With the onset of monsoons, when the tourists start to diminish on the hills, the corn sellers start to appear on the road sides. They harvest maize grown in their fields on the hill sides and sell the fresh corn-cobs in their roadside shacks. Traveling on a rainy day, when hunger struck me, this is where I stopped.
(Cream-white colored corn that grows on the Kumaon hills)
I was traveling the hills recently, trying to photograph the beauty of the monsoons. Due to the incessant rains, many small waterfalls had emerged on the hills. I captured forest photographs, long exposures and some snails too. While photographing them, I was also a little drenched. Trying to save my camera from rains didn’t actually help me from rains.
While driving on the snaking road, the small shack near a turn looked ideal, with a smoking log and a cover to protect from rain. The smoking log conveyed the presence of fire, something I could use to dry myself off.

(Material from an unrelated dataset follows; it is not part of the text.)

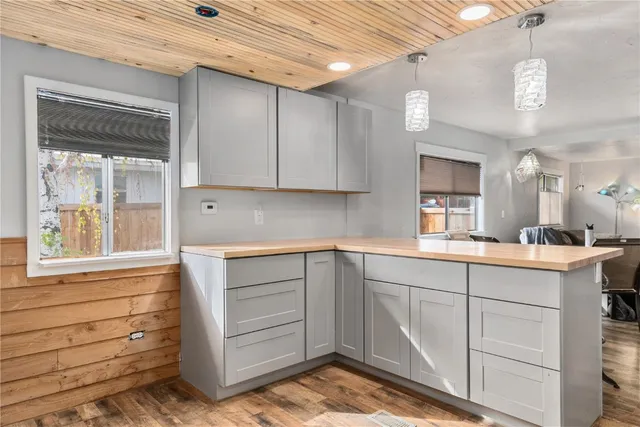 a kitchen with a sink cabinets and window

(The kindling fire in the center of some smoking logs. Photographed on a phone camera, while I enjoyed the warmth and dried myself out)
The shack owner had stacked the corn on the front, easily visible from the road. They looked inviting. The maize harvested on the hill slopes is of a different variety than the planes. The kernels remain pale white in color even when they mature, in contrast to the pink-orange of the maize grown everywhere else. These kernels are soft and sweet to eat.
On a tree nearby, a small family of gray langurs, one of the few old world monkeys, were also eyeing the tasty corns. They were trying to hide in the scanty leaves on the tree. I spotted a small baby langur too.
Once, I had dried myself a little and exchanged a few pleasantries, I placed an order for a roasted corncob. Meanwhile, I took out my camera from the car. For those of you wondering, it was not wet. While photographing in the rains, I make sure that the camera doesn’t get wet. With warmth from the burning log filling me in and the smell of a corn being roasted on it, I proceeded to photograph the scene. First I stepped out of the shack. The shack itself was very dark in comparison to the surroundings. Some light fell directly on the corn stacked on the front. The shack-owner was wearing a dark red shirt which stood out, but his face was covered in shade. A very difficult scene to photograph. Exposing for the person would blow out the bright corn and the surroundings. Exposing for the surroundings, would have underexposed the person. Using a direct flash would create unsightly shadows and may even haze the picture from the occasional smoke blowing in from the burning log. I bracketed my exposure within a range of -2 to +2 EV and hoped to recover something worthwhile during post-processing.
(Corn Seller removing the leaves from a cob. Even after my trials with exposure bracketing, I ended up loosing information on the white corns kept on the lower right side. I still darkened them in post-processing to prevent them from distracting the viewer from the person’s face.)
The corn was roasted well, a little black at places, but well roasted all the same. The corn seller then applied a lavish coat of butter, the spicy sauce made up of coriander paste with chilies and garlic, sprinkled some salt and finally a few drops of lemon. It looked wonderful and smelled delicious. After tasting a few kernels, I requested him to roast a couple more.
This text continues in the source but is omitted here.